So, in the end, what causes aging? Clearly this question has fascinated medical researchers, philosophers, anthropologists, and the general public for centuries. This booklet offers you just a glimpse of the journey to understand the science of aging.
In a sense, we are all aging experts—every day we get older. It’s true that most of us cannot explain what’s happening under the microscope, but the little girl can still be curious about her vivacious grandmother without knowing that the grandmother’s good health may be a sign of what to expect during her own golden years. And, the man in middle age can know that he looks and feels better when making healthy food choices and staying physically active without understanding the intricacies of metabolism and biological stress. Aging is part of us, it’s part of life.

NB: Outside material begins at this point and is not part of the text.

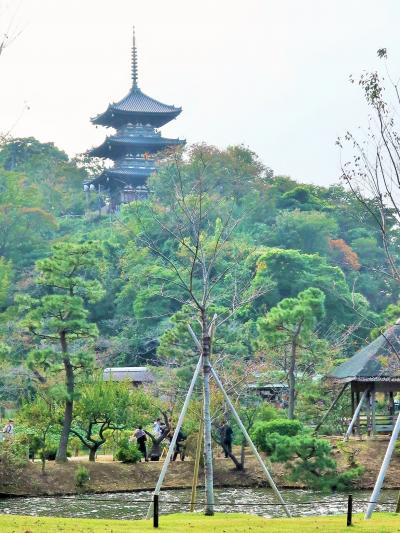 スーパーセール タイムセール 時間 lrg_11659927.jpg?updated_at= 家庭菜園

As the field of gerontology matures, scientists will continue to learn about what happens deep inside our bodies during our passage from child to older adult. Experiments involving animal models that on the surface seem so different from us—yeast, fruit flies, worms, and mice—will yield insights into aspects of aging that could one day lead to important clinical, pharmacological, or behavioral interventions for humans.
What is the future of biology of aging research? It is not likely that we will see a modern-day fountain of youth, that mythical elixir promised to restore people to their younger selves. But research may very well offer us the means to a healthier, longer life. And, with that, we may have the opportunity to spend more time with our loved ones, the opportunity to meet our great-great-grandchildren, and the opportunity to enjoy more life experiences.